Problem to solve:
Only some lines are wanted. Transcribe, exactly, the lines below from the line with "Blue silk stitched" up to and including the line with "away, parted lips".

[Dataset excerpts]

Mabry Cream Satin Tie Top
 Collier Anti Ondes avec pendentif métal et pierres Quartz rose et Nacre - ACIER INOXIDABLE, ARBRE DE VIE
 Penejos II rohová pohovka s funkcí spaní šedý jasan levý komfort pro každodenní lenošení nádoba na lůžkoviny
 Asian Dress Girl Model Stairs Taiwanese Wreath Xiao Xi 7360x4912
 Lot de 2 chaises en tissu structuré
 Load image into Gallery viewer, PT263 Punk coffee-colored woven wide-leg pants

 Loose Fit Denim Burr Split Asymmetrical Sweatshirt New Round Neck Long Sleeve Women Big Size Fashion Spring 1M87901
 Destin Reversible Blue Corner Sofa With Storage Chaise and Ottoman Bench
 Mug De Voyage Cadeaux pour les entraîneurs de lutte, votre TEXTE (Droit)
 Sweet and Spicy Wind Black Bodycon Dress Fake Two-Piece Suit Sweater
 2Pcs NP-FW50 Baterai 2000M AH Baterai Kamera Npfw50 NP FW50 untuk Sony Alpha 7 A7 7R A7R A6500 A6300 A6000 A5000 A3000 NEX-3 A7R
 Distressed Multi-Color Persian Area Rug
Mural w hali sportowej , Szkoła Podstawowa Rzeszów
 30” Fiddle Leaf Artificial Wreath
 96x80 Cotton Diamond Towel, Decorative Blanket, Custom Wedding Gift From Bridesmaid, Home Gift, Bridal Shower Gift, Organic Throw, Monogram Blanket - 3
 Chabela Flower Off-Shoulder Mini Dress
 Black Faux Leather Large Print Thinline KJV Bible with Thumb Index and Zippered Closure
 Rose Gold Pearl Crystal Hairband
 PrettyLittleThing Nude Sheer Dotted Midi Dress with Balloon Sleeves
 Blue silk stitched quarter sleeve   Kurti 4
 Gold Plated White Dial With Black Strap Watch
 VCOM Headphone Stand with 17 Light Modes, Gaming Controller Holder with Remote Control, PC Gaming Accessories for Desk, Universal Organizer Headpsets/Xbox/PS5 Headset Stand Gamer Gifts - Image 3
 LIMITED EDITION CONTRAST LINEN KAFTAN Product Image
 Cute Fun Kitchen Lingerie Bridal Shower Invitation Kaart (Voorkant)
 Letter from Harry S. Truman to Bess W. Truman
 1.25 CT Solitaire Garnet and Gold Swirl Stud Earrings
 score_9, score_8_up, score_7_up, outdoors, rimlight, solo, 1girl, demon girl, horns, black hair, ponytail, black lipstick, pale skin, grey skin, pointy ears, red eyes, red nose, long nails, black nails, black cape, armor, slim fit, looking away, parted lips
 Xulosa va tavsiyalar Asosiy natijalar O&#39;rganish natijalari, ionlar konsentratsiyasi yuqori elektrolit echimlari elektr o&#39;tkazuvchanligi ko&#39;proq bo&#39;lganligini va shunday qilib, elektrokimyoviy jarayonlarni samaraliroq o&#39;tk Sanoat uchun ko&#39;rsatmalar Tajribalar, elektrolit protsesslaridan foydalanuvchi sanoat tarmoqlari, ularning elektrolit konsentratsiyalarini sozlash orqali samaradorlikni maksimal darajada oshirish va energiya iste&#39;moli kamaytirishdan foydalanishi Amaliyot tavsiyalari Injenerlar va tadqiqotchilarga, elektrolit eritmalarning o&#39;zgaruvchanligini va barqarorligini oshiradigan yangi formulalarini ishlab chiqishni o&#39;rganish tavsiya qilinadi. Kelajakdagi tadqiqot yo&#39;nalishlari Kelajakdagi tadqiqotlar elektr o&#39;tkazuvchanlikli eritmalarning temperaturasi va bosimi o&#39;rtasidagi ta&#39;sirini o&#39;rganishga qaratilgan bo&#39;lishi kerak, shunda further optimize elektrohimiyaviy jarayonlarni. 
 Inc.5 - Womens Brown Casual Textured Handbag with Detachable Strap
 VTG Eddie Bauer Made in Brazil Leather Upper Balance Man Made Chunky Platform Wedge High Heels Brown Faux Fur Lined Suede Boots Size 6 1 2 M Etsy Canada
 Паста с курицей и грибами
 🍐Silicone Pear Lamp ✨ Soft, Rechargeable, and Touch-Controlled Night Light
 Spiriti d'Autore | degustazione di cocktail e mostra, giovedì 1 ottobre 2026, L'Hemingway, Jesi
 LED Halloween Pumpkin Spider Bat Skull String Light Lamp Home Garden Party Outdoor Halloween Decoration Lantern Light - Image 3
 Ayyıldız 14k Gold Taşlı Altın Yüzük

Answer:
 Blue silk stitched quarter sleeve   Kurti 4
 Gold Plated White Dial With Black Strap Watch
 VCOM Headphone Stand with 17 Light Modes, Gaming Controller Holder with Remote Control, PC Gaming Accessories for Desk, Universal Organizer Headpsets/Xbox/PS5 Headset Stand Gamer Gifts - Image 3
 LIMITED EDITION CONTRAST LINEN KAFTAN Product Image
 Cute Fun Kitchen Lingerie Bridal Shower Invitation Kaart (Voorkant)
 Letter from Harry S. Truman to Bess W. Truman
 1.25 CT Solitaire Garnet and Gold Swirl Stud Earrings
 score_9, score_8_up, score_7_up, outdoors, rimlight, solo, 1girl, demon girl, horns, black hair, ponytail, black lipstick, pale skin, grey skin, pointy ears, red eyes, red nose, long nails, black nails, black cape, armor, slim fit, looking away, parted lips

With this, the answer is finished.